__WHAT TO WORK ON__: Show the lines below that contain the string "Dress".

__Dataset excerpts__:
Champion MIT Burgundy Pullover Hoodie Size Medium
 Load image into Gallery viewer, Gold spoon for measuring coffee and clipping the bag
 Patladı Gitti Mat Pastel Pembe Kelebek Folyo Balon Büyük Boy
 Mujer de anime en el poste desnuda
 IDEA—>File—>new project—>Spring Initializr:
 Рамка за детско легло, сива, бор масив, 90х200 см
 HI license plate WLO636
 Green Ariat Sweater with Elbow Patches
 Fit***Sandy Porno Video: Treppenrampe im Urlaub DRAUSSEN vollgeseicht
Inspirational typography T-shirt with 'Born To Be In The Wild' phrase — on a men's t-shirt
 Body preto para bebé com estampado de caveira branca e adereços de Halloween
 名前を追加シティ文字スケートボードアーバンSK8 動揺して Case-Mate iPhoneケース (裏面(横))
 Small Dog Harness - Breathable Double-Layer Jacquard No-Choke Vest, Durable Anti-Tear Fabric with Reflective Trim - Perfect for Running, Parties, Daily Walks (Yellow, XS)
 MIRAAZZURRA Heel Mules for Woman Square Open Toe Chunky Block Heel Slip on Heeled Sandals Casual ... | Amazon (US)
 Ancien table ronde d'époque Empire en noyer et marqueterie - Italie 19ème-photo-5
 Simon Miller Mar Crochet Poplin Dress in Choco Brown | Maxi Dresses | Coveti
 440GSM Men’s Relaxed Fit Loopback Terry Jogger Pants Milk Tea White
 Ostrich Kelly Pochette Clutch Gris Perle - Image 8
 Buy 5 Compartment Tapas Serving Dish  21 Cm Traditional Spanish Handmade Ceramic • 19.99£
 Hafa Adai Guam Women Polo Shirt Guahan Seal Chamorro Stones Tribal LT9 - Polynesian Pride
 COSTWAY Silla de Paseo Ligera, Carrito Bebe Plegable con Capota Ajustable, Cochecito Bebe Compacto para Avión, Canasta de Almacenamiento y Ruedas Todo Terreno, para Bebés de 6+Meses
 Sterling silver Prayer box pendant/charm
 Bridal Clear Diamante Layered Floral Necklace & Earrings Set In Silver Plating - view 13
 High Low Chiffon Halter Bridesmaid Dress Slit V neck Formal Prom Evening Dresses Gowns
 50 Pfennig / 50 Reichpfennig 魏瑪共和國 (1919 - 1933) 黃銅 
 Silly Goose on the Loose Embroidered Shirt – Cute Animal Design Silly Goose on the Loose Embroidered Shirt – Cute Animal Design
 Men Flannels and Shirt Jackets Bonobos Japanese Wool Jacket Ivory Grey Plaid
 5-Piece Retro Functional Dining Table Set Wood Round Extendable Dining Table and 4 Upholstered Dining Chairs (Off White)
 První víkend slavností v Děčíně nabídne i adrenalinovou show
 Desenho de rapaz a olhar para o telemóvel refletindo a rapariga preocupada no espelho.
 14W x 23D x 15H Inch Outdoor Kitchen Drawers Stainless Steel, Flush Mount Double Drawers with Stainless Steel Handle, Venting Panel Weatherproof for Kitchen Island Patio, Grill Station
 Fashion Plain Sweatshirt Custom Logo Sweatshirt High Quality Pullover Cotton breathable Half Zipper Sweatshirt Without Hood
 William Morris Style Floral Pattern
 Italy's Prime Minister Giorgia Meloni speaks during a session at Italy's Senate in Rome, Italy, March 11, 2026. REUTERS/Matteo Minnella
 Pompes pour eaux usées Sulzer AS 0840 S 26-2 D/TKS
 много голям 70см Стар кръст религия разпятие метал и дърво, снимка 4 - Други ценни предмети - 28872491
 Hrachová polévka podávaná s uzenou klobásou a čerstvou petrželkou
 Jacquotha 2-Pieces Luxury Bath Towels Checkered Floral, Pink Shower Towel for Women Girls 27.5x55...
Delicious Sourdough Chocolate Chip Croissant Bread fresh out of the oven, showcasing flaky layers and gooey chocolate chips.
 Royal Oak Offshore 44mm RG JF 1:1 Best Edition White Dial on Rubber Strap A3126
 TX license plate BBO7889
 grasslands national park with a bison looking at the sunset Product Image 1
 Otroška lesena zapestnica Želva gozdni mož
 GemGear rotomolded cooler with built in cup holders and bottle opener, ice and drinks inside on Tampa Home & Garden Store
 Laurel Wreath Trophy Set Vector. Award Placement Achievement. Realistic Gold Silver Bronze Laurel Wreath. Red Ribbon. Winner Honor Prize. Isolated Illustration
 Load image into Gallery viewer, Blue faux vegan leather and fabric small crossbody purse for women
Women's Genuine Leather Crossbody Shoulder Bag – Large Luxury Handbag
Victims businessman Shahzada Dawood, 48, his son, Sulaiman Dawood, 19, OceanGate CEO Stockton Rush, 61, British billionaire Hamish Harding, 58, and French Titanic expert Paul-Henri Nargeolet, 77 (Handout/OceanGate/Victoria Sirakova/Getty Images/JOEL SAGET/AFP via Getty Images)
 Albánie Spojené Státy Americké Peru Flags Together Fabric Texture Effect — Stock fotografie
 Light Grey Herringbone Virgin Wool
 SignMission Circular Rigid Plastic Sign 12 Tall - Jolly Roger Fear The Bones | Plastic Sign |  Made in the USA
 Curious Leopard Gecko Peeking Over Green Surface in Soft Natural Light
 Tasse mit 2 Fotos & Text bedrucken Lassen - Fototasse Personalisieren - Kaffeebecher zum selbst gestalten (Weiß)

__EXERCISE RESPONSE__:
 Simon Miller Mar Crochet Poplin Dress in Choco Brown | Maxi Dresses | Coveti
 High Low Chiffon Halter Bridesmaid Dress Slit V neck Formal Prom Evening Dresses Gowns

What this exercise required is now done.